Penalties for violations of the General Law on Administrative Accountability include a fine of up to two times the benefits obtained, debarment, suspension of activities, liquidation of the company, and a requirement that the company indemnify government agencies.
Under the General Law on Administrative Accountability, a company can avoid liability if the relevant authority determines that the company had in place an adequate "integrity policy" (i.e., an adequate anticorruption and compliance policy). The law provides guidelines for companies implementing such a policy, including that companies:
- Adopt an organization and procedures manual that is clear and complete, includes the functions and responsibilities of each of the company's areas, and clearly specifies the chain of command and leadership throughout the company; and
- Establish adequate whistleblower and reporting systems that allow for appropriate reporting to the competent authorities, as well as disciplinary procedures for those employees who act contrary to the company's policies or Mexican law.
The new Organic Law of the Administrative Justice Federal Court abolishes the Organic Law of the Tax and Administrative Justice Federal Court. The law mandates that the Administrative Justice Federal Court has authority to sanction both public servants and private parties for serious administrative violations under the new National Anti-Corruption System. The court's authority to sanction private parties, however, does not impair other government agencies' ability to impose sanctions on companies or individuals.

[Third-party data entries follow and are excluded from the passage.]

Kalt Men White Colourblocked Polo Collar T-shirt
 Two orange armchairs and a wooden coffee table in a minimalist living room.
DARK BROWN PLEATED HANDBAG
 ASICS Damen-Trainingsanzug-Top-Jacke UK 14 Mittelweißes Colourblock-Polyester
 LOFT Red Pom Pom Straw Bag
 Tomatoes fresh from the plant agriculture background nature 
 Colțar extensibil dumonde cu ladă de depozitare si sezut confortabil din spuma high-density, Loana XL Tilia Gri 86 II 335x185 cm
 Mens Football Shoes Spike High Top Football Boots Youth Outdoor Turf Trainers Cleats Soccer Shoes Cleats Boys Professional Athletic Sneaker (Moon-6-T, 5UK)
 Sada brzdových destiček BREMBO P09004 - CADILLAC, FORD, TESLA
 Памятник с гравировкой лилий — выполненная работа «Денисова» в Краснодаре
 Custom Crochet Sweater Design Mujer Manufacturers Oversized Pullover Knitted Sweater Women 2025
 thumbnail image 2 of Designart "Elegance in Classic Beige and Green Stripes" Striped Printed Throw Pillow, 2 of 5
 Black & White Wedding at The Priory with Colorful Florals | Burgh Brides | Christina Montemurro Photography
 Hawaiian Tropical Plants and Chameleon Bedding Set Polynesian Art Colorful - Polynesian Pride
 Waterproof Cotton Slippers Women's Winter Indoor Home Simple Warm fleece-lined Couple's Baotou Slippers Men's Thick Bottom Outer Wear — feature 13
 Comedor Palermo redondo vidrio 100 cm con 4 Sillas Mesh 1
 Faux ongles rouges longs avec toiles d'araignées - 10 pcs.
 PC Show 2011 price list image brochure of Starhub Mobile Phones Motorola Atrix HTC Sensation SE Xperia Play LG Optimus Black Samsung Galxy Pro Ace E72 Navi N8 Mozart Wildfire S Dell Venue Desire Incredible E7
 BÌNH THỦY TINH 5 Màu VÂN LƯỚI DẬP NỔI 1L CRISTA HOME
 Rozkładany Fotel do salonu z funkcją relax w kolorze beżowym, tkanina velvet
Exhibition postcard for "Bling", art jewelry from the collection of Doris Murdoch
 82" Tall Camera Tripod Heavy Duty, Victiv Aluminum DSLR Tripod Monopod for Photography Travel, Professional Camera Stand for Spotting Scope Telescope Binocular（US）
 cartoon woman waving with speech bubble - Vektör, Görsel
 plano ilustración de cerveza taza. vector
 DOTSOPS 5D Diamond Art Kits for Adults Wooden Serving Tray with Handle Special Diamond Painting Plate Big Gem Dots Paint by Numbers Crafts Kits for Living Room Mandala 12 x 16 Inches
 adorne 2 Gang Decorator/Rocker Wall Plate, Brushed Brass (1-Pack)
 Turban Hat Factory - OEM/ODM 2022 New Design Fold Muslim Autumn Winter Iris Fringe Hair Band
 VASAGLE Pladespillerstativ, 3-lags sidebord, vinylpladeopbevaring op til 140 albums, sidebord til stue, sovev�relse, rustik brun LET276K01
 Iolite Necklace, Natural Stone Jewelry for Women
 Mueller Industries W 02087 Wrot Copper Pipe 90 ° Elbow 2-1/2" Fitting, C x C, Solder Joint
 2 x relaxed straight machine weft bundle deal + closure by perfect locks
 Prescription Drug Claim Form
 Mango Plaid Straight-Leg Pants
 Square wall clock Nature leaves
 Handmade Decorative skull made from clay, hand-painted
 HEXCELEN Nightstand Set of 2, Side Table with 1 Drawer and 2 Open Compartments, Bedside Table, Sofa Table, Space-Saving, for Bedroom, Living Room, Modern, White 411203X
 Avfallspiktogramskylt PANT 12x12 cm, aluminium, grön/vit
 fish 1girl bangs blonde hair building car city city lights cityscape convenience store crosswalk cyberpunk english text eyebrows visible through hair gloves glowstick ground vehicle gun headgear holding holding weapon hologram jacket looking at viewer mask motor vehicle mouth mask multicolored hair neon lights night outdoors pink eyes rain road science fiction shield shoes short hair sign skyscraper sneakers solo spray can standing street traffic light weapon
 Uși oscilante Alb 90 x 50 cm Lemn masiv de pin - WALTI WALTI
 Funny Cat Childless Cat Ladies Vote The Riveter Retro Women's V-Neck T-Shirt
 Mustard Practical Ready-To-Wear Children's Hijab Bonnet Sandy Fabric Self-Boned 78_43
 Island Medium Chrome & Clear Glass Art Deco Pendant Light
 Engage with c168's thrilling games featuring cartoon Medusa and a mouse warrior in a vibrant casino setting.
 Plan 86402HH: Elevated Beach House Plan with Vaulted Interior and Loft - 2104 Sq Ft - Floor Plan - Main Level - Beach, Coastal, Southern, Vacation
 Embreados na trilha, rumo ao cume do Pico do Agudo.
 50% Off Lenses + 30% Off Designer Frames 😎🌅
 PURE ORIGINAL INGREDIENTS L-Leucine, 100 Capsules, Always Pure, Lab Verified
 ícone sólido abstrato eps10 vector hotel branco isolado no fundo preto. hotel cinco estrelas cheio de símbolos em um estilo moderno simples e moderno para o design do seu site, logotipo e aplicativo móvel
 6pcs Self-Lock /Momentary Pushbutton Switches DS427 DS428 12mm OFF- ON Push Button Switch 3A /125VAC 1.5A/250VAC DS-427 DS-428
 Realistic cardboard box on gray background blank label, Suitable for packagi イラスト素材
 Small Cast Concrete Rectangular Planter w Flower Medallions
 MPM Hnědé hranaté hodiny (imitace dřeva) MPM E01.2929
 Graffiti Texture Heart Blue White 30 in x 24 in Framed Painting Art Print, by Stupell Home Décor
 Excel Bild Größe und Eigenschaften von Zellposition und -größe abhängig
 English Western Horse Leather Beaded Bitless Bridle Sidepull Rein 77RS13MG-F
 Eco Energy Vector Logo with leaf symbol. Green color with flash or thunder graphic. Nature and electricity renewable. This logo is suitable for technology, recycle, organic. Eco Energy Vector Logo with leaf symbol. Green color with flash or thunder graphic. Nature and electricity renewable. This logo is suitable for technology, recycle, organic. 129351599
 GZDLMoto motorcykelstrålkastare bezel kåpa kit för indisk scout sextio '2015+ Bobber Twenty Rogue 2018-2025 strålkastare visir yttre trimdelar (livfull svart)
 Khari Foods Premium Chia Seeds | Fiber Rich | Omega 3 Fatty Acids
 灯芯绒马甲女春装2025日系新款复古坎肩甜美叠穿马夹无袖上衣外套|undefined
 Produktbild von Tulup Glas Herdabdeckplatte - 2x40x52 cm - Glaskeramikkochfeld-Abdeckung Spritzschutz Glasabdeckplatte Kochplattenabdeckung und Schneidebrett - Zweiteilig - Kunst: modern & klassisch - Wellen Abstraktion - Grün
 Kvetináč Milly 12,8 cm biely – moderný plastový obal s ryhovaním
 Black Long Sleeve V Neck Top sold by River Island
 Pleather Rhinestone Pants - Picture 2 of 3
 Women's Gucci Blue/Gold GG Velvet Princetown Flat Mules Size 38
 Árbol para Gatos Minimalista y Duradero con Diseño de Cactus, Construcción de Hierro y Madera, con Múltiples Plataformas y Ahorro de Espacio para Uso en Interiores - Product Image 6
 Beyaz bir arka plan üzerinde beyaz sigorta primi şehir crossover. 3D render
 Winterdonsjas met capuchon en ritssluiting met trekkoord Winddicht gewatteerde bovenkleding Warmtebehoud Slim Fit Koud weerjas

Amended Federal Accounting and Accountability Law
Under the Federal Accounting and Accountability Law, a company can be held liable for failing to cooperate with the Federal Superior Auditor in the course of an anticorruption investigation. Penalties include a financial penalty in the nature of a tax assessment in an amount of up to 10,000 times the Measure and Update Unit (currently approximately US$40,577), which can be increased in the event of recurring offenses. These sanctions are independent of other criminal or civil liability.
The newly published laws and amendments became effective on July 19, 2016, except for the General Law on Administrative Accountability, which will become effective in July 2017, and the Federal Criminal Code and the Organic Law of the Attorney-General's Office, which will become effective upon the appointment of a new head of the Prosecutor's Office, who will be focused on anticorruption enforcement.